DATA FOR PROCESSING:

_____

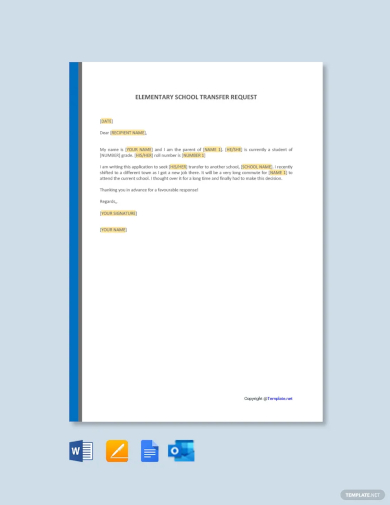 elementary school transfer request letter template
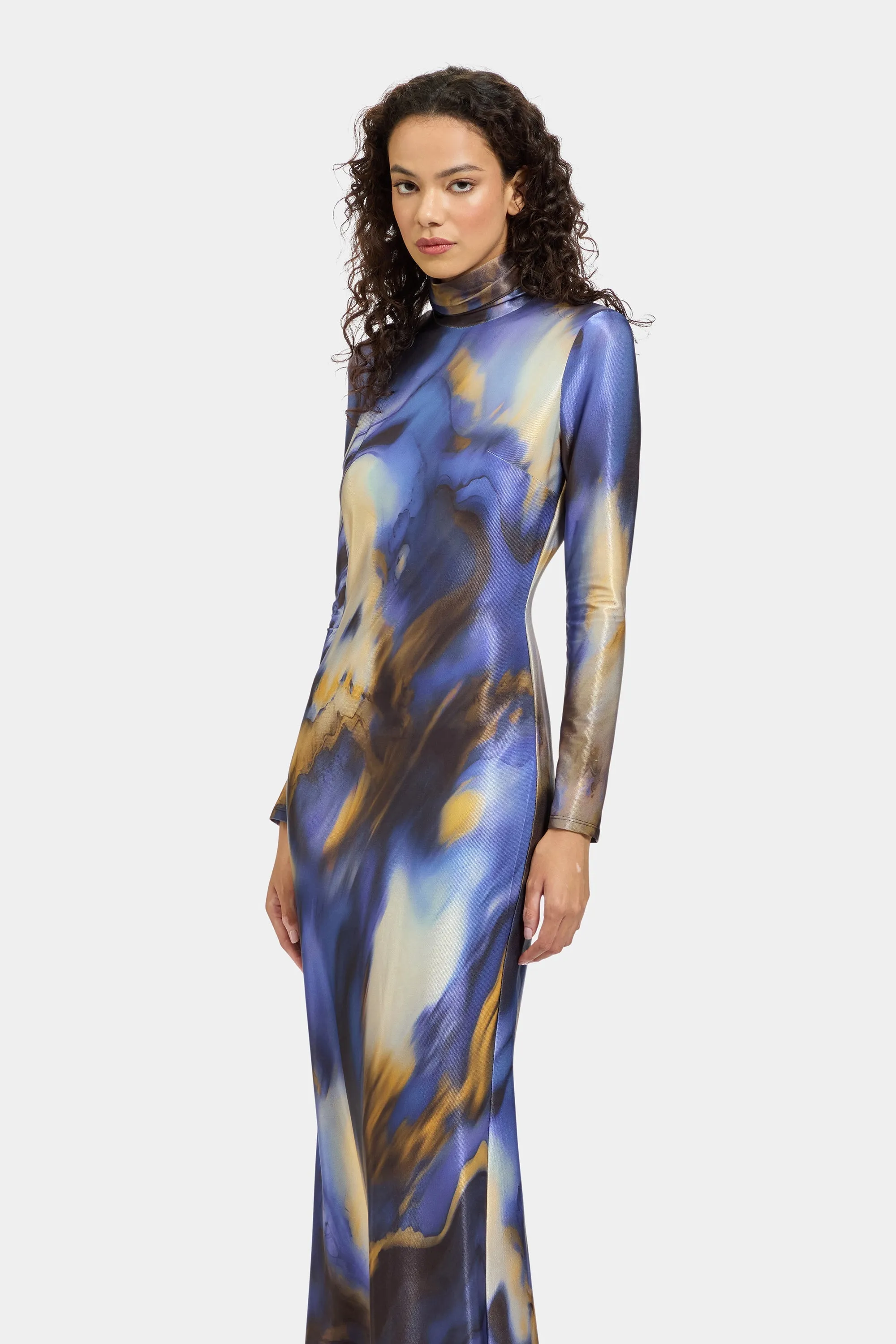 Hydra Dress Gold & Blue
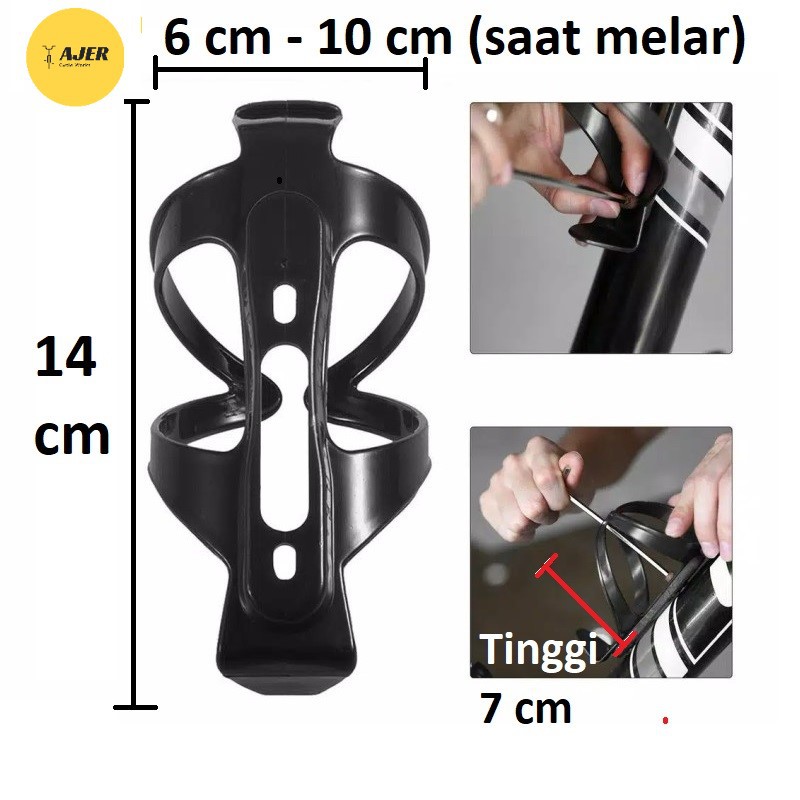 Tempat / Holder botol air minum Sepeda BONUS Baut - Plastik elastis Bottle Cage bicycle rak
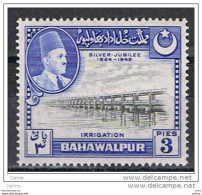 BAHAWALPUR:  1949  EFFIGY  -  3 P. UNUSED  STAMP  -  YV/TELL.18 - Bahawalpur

_____

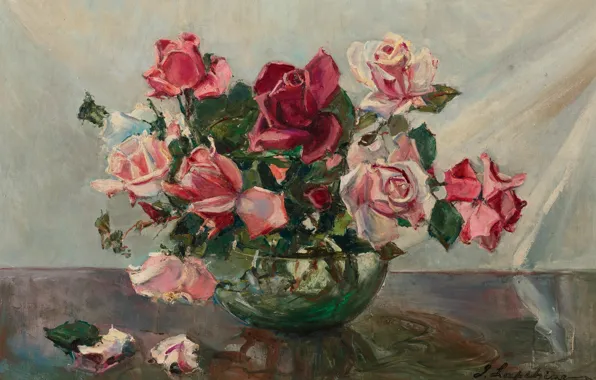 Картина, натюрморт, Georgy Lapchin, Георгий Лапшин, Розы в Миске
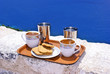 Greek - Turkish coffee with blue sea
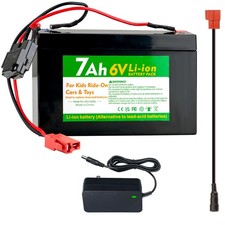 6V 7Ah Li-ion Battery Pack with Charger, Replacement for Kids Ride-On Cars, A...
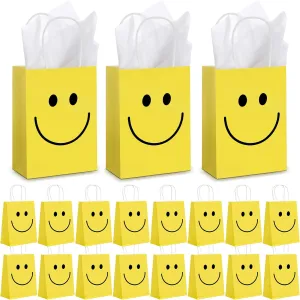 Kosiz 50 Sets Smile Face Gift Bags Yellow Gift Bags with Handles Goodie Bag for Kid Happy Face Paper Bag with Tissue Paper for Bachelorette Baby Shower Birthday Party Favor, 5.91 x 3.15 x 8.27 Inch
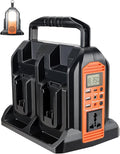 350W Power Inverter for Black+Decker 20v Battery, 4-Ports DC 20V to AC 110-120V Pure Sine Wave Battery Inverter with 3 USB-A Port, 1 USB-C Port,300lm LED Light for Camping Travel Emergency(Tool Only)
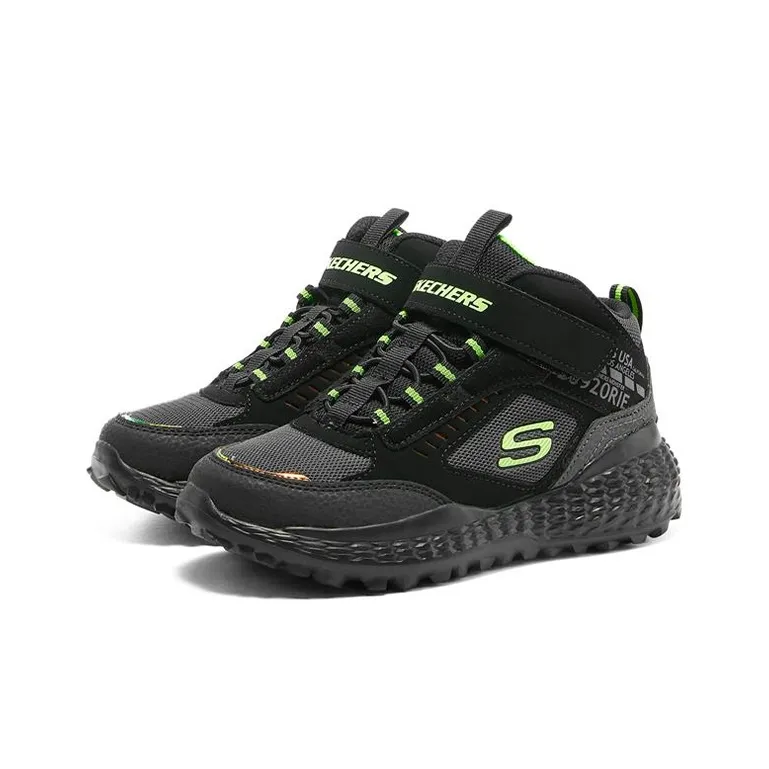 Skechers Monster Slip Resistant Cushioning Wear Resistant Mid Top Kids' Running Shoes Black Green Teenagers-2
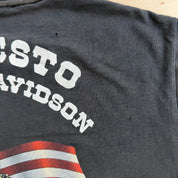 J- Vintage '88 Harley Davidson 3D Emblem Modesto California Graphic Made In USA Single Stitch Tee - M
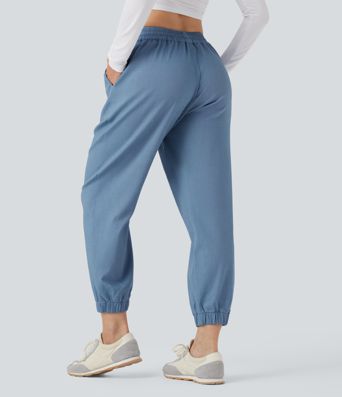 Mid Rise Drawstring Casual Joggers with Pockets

_____

ASSIGNMENT: Above are the records; restate exactly the lines from the one containing "Картина, натюрморт, Georgy" through the one containing "Skechers Monster Slip", keeping pictures out.

WORKED SOLUTION:
 Картина, натюрморт, Georgy Lapchin, Георгий Лапшин, Розы в Миске
 Greek - Turkish coffee with blue sea
 6V 7Ah Li-ion Battery Pack with Charger, Replacement for Kids Ride-On Cars, A...
 Kosiz 50 Sets Smile Face Gift Bags Yellow Gift Bags with Handles Goodie Bag for Kid Happy Face Paper Bag with Tissue Paper for Bachelorette Baby Shower Birthday Party Favor, 5.91 x 3.15 x 8.27 Inch
 350W Power Inverter for Black+Decker 20v Battery, 4-Ports DC 20V to AC 110-120V Pure Sine Wave Battery Inverter with 3 USB-A Port, 1 USB-C Port,300lm LED Light for Camping Travel Emergency(Tool Only)
 Skechers Monster Slip Resistant Cushioning Wear Resistant Mid Top Kids' Running Shoes Black Green Teenagers-2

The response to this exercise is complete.